Ms. Toensing bravely decries her own ability to judge terrorist trials. (By the way, the government can still close a deportation hearing — it need only show cause to the judge.) Why? Because, “Quite simply, I do not have access to the relevant investigative and classified information. Neither will the advocates of public disclosure. Nor will the press.” That is to say, the sovereign people of the United States of America cannot be trusted with the power to decide for themselves the propriety and validity of their government’s actions. If we remove the public entirely and without appeal from this, the most basic of actions, then what role is available? Or should we simply let our “betters” rule, perhaps in perpetuity?
Through her tone and her words, Ms. Toensing betrays the ultimate problem that any freedom-loving citizen has with the actions she defends: She and her ilk simply do not believe in democracy. They do not have any faith in the country they claim to defend and to cherish. They do not believe in the fundamental solidity and awe-inspiring strength of the American republic. They — more than the barbarians who felled the Towers — have wrought unneeded, unprecedented, and unwarranted changes in the political fabric of our nation. They — more than al Qaeda, more than Iraq — threaten the freedom of American citizens.
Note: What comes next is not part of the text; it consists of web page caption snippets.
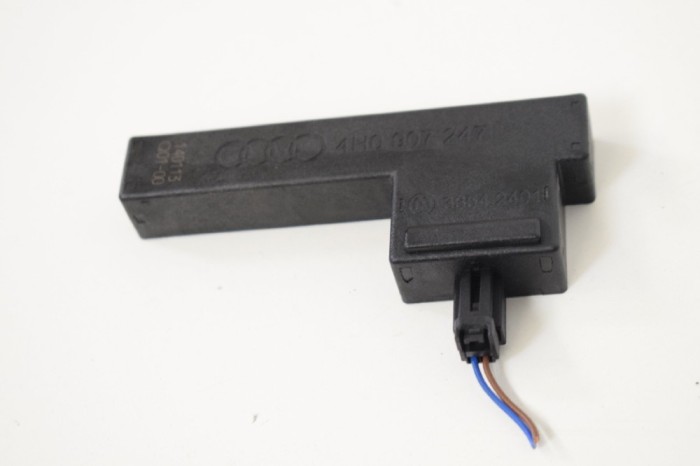 Antena Keyless Entry AUDI A8 D4 4H_ 2014 OEM: 4H0907247 | 11103450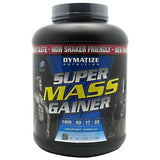 Dymatize Super Mass Gainer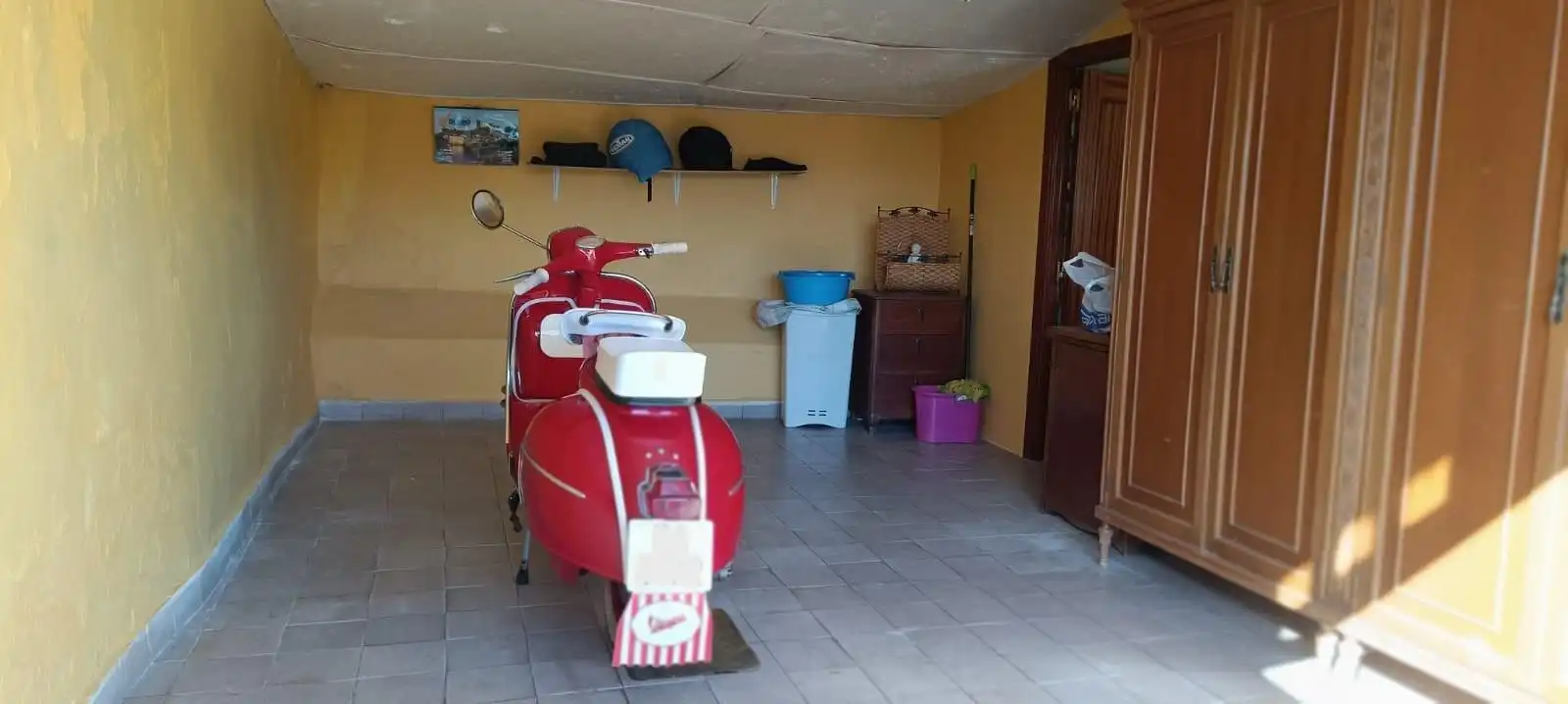 Casa o chalet en venta en Zamora Capital  con Aire acondicionado, Calefacción y Jardín privado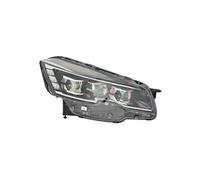 PHARE AVANT GAUCHE POUR VOLKSWAGEN POLO 2005-2009 VALEO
Ms. Toensing gets one thing right: “What is important for all these cases is that the courts are functioning.” They are indeed — and happily they have so far issued rebuke after sharp rebuke to the groping grasping grip of the executive. Thank Providence that the courts are open and functioning — for they alone are protecting the American people and American democracy itself against this President who purportedly swore to uphold the Constitution and now cynically strives to topple it.
We are stronger than this. We are smarter than this. We are better than this.